Guerre en RDC : la presse menacée ?

Article : Guerre en RDC : la presse menacée ?
Crédit: Des militaires FARDC en patrouille à Aveba. Crédit : MONUSCO Photos, via Flickr
18 juin 2024

Guerre en RDC : la presse menacée ?

Les combats qui se déroulent dans l’est de la République démocratique du Congo mettent la liberté de la presse à rude épreuve. Les journalistes sont confrontés à l’obligation de renforcer la propagande anti-rébellion, sous peine de sanctions sévères de la part des autorités.

Être reporter en temps de guerre n’a jamais été simple. Il l’est encore beaucoup moins en République démocratique du Congo. Le pays fait face à une montée de crise dans sa partie est, où une rébellion hybride s’affronte avec l’armée régulière. Face à cette situation, les journalistes sont partagés entre la volonté d’informer de manière indépendante sur les faits collectés sur terrain et l’obligation de prendre parti tel que leur exigent les autorités. 

Au mois de mars dernier, le Conseil Supérieur de l’Audiovisuel et de la Communication (CSAC), sans prendre de gants, a imposé une ligne pour les journalistes en ce qui concerne la guerre dans l’est de la RDC. Il a interdit aux médias de mettre à la disposition du public des émissions interactives sur les opérations militaires, et surtout d’accorder des interviews aux rebelles dont certains ont occupé d’énormes responsabilités dans les institutions politiques du pays.
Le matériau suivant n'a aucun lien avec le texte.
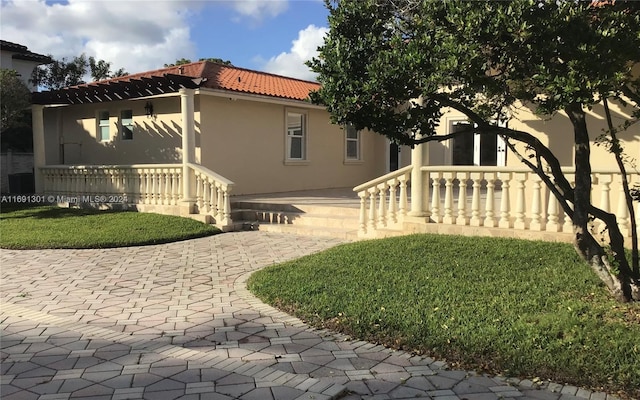 view of property exterior featuring a yard and a porch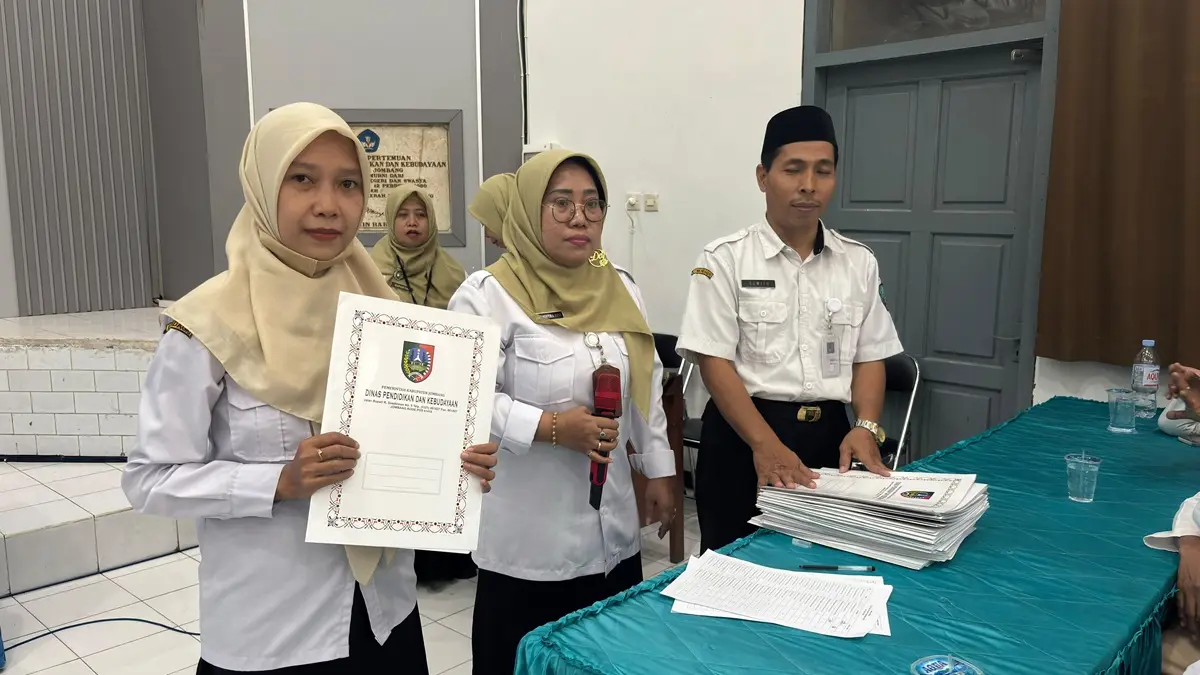 SIMBOLIS: Salah satu guru yang dimutasi menerima SK di Aula 1 Dinas Pendidikan dan Kebudayaan Kabupaten Jombang, Rabu (8/7). (Wenny Rosalina/Radar Jombang)
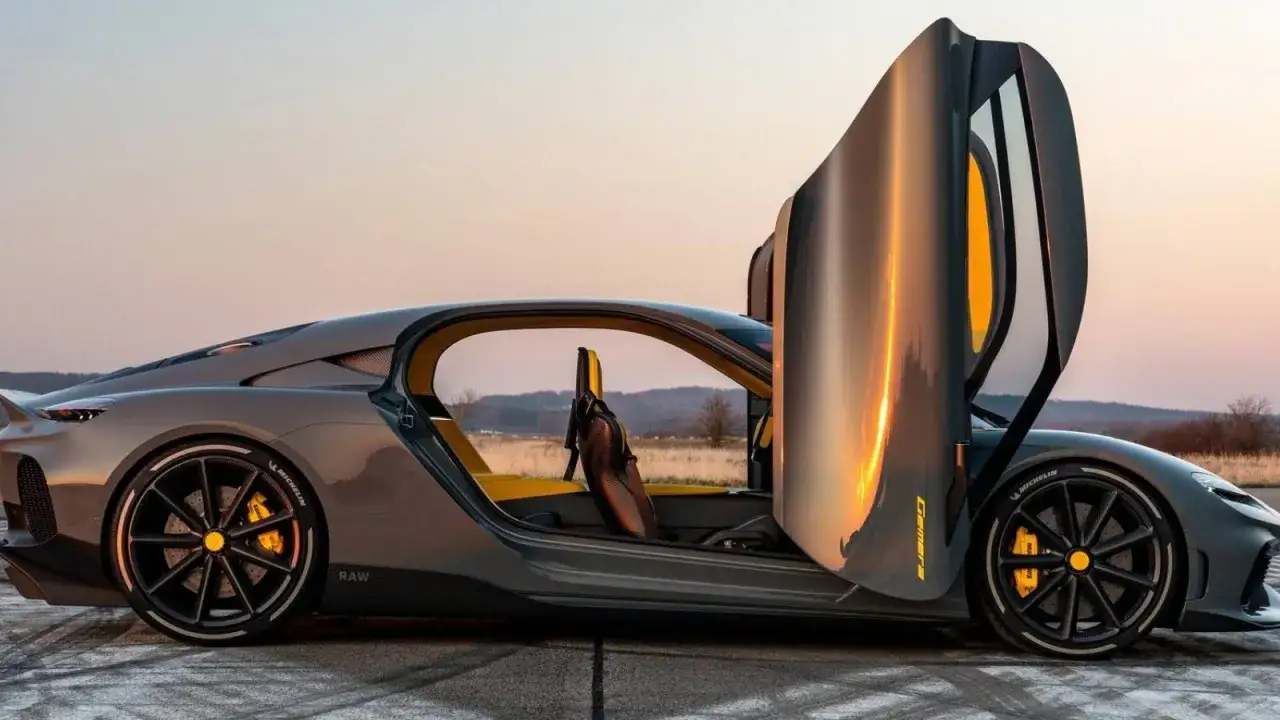 Szary Koenigsegg Gemera z otwartymi drzwiami, z żółtym wnętrzem, na tle zachodzącego słońca.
Une mesure qui viole délibérément la règle des « deux sons de cloche », pilier d’un journalisme indépendant dans un contexte marqué par des tensions grandissantes. 

Manipulations, intimidations et arrestations

Quoiqu’il justifie ses mesures par le souci de privilégier une information “constructive” sur la guerre dans l’est du pays, le CSAC peine à convaincre. Cet organe, censé réguler les médias en RDC, a longtemps perdu sa crédibilité notamment auprès des associations de défense de la presse indépendante. Celles-ci sont persuadées qu’il s’agit d’un instrument de répression que l’État congolais utilise pour assujettir les médias beaucoup trop « affranchis » à son goût. 
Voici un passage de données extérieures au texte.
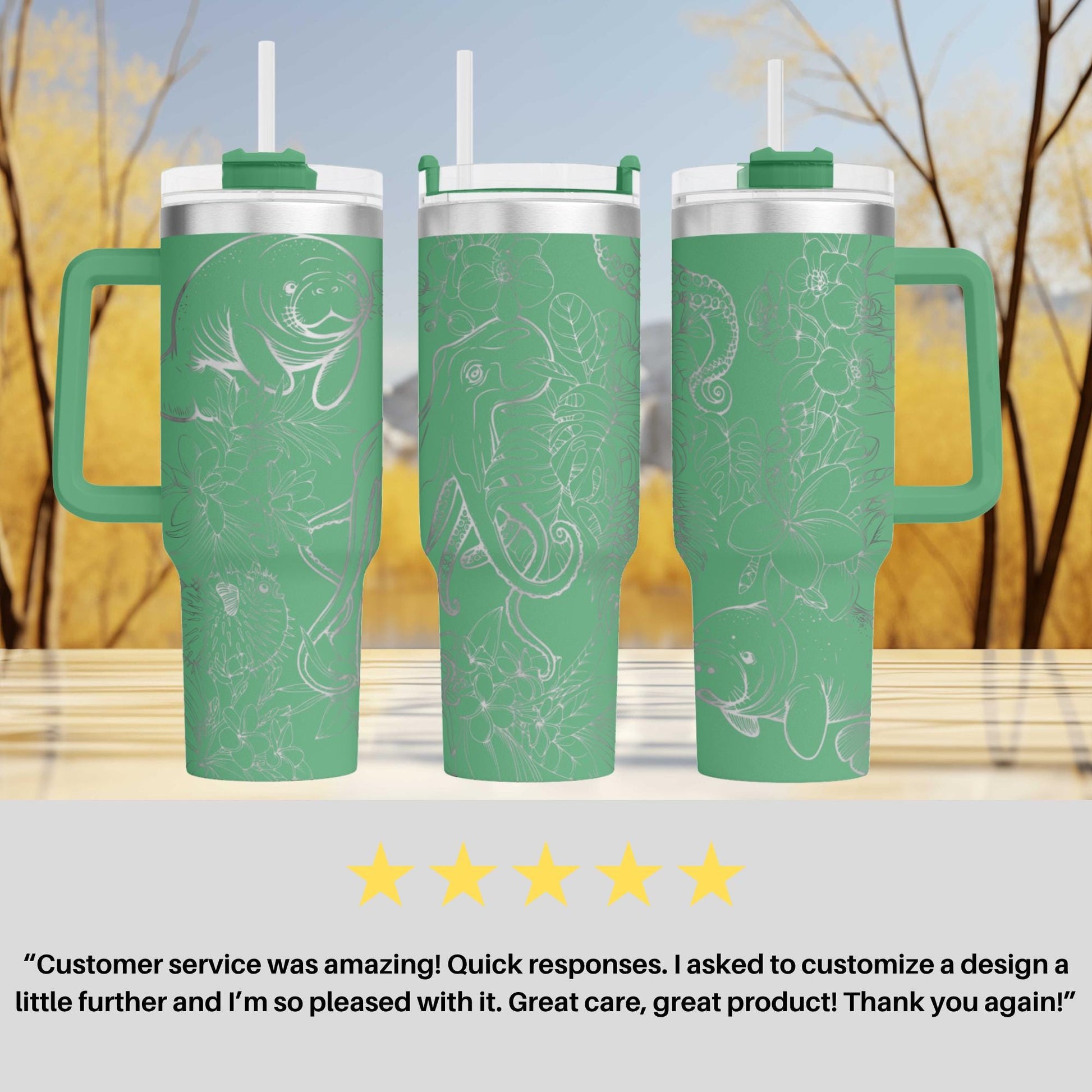 three green tumblers with white designs, including fish and plants, placed on a wooden surface against a blurred background of trees.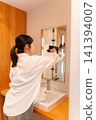 Woman cleaning the wash basin 141394007
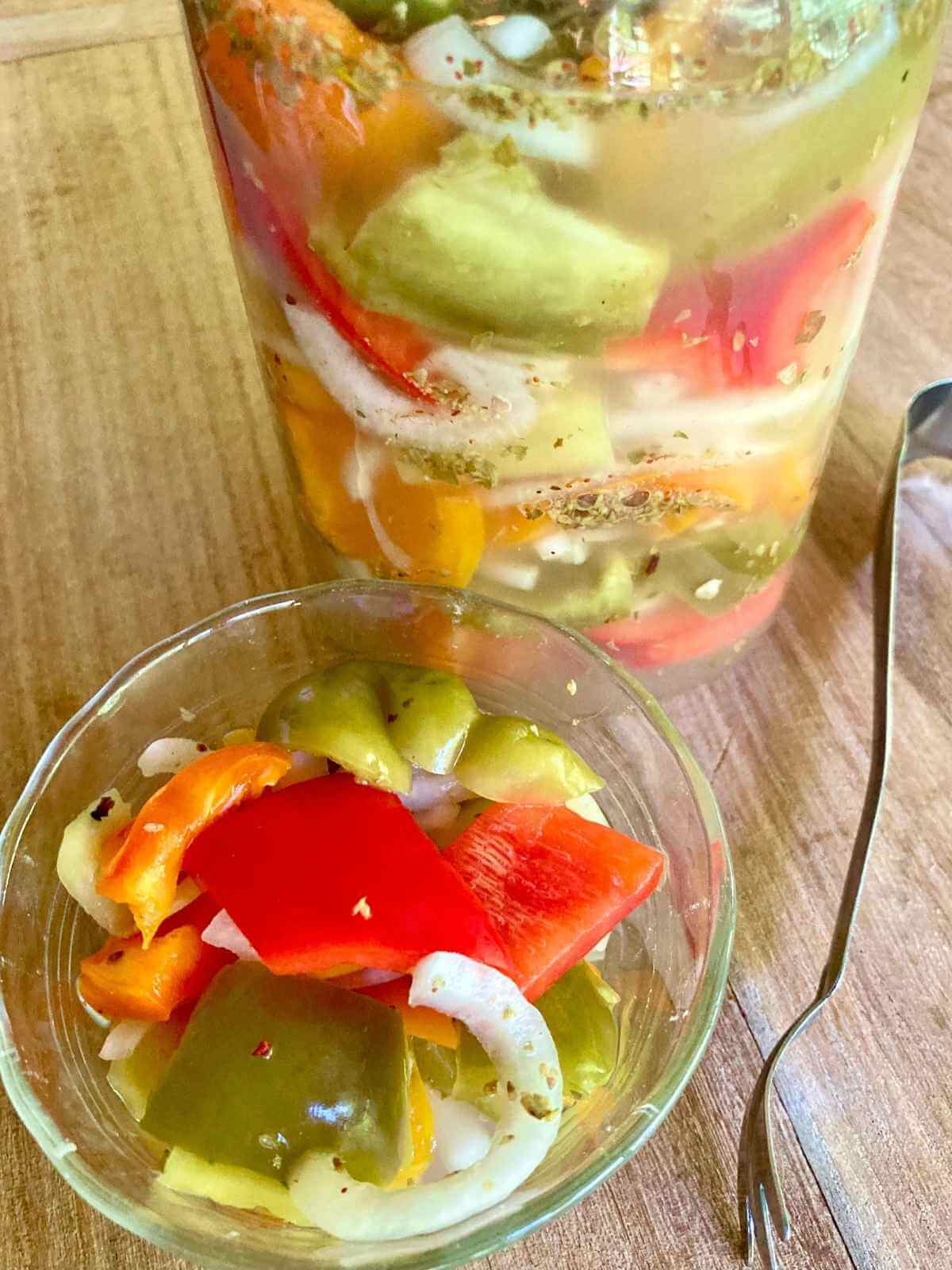 Fermented peppers and onions in a bowl and a jar.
Avec ses nouvelles mesures sur la couverture de la guerre dans l’est de la RDC, le CSAC, dont la détermination à fragiliser les efforts pour l’indépendance de la presse se profile, contribue à un climat de terreur dans le paysage médiatique congolais. Quelques rares journalistes qui tentent de braver les interdits au nom de la liberté de la presse sont accusés d’apologie à la rébellion, soit de complicité avec les forces négatives. Ils sont systématiquement intimidés, voire brutalement arrêtés et détenus par les services de renseignement congolais. Le 17 avril dernier, Maranatha Balikwisha, journaliste de terrain et témoin des affrontements entre la rébellion et l’armée régulière, avait été arrêtée et détenue pendant plus de deux semaines par les services de renseignement militaires congolais pour avoir été en contact avec les rebelles dans le cadre de son travail.
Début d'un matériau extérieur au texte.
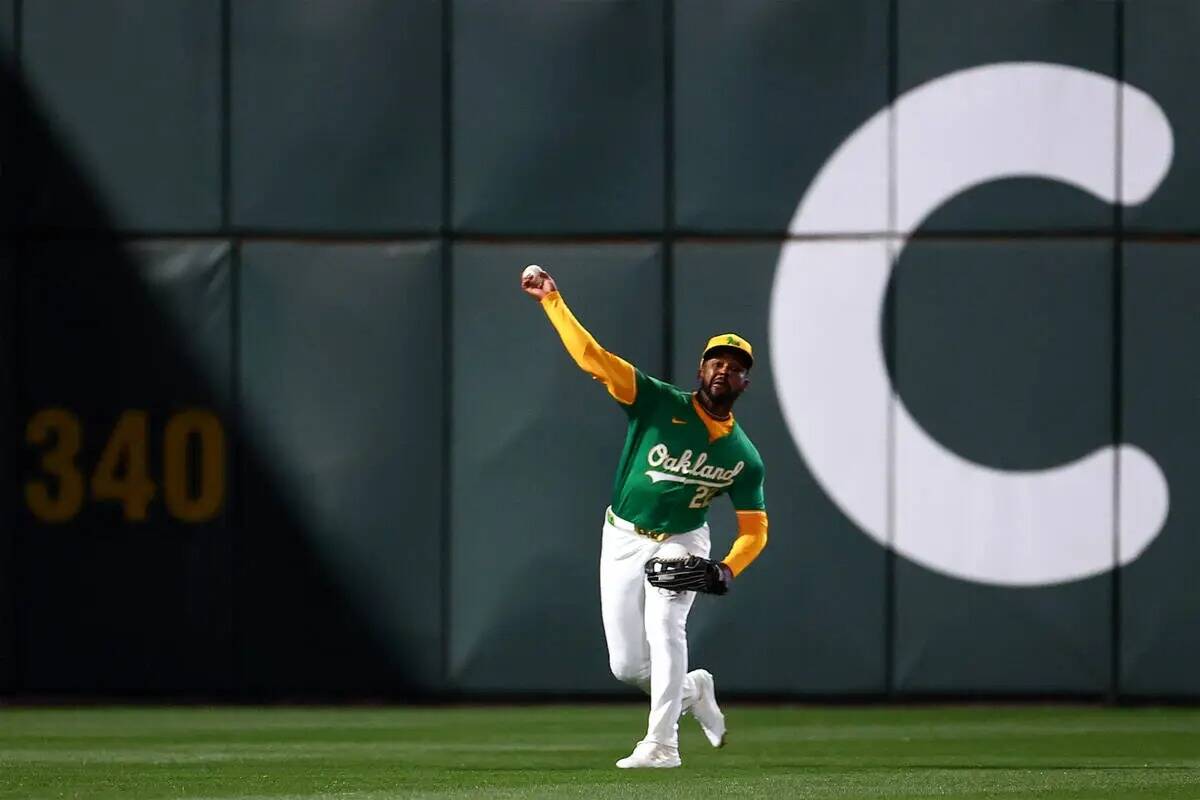 El jardinero de los Oakland Athletics Miguel Andujar (22) lanza al campo durante un partido de ...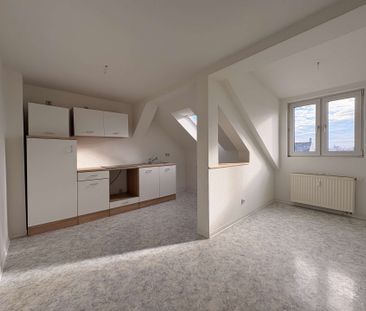 gemütliche 2 Zimmerwohnung im Dachgeschoss in Zentrumsnähe! - Foto 1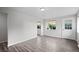 Inviting living room with wood-look floors, fresh paint, and large window overlooking the front yard at 4787 Carr St, Wheat Ridge, CO 80033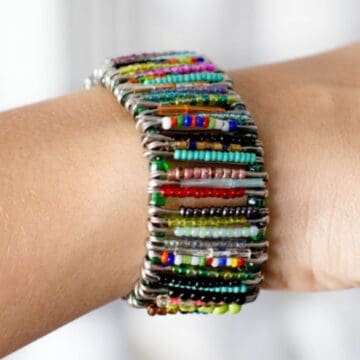 A colorful DIY bracelet made with safety pins strung with multicolored beads, worn on a wrist for a bold handmade jewelry look.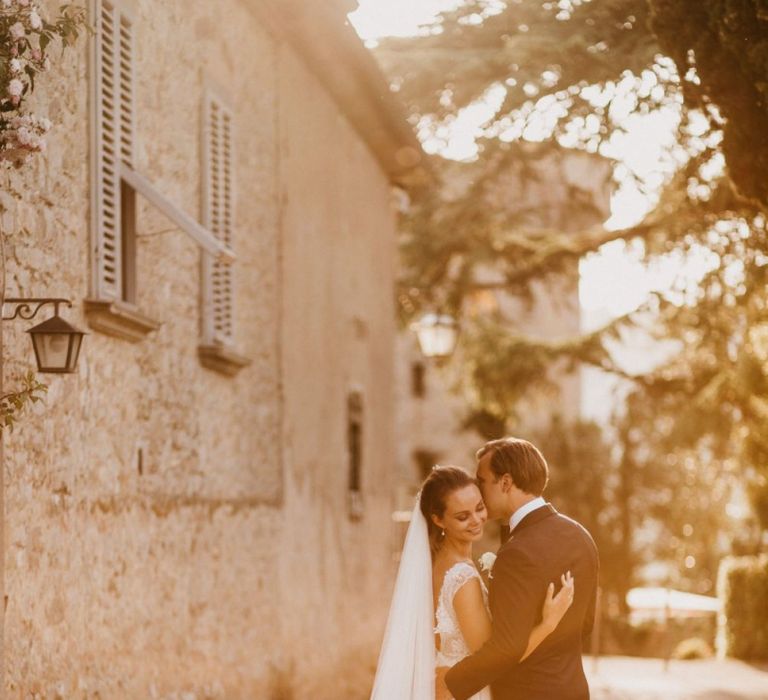 Golden Hour Portrait with Bride in Bespoke Wedding Dress and Groom in Black Tie Suit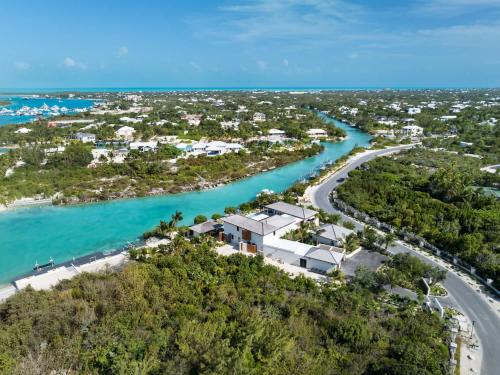 an aerial view of a resort and a river at The essence of fun under a tropical sun villa in Leeward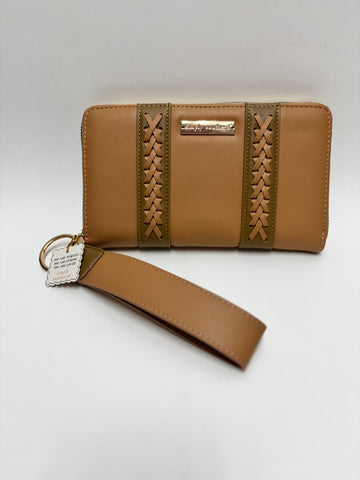 A neutral beige and tan crossbody wristlet with whipstitch accents and gold-tone hardware, photographed on a clean white background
À l’instar de Maranatha Balikwisha, plusieurs autres journalistes sont persécutés pour leur travail. Certains croupissent encore dans différentes geôles en RDC pour le simple fait d’avoir osé interviewer les rebelles. Tous, ils paient les frais de leur détermination à nager à contre-courant dans un environnement qui devient de plus en plus hostile à l’indépendance de la presse surtout en période des conflits.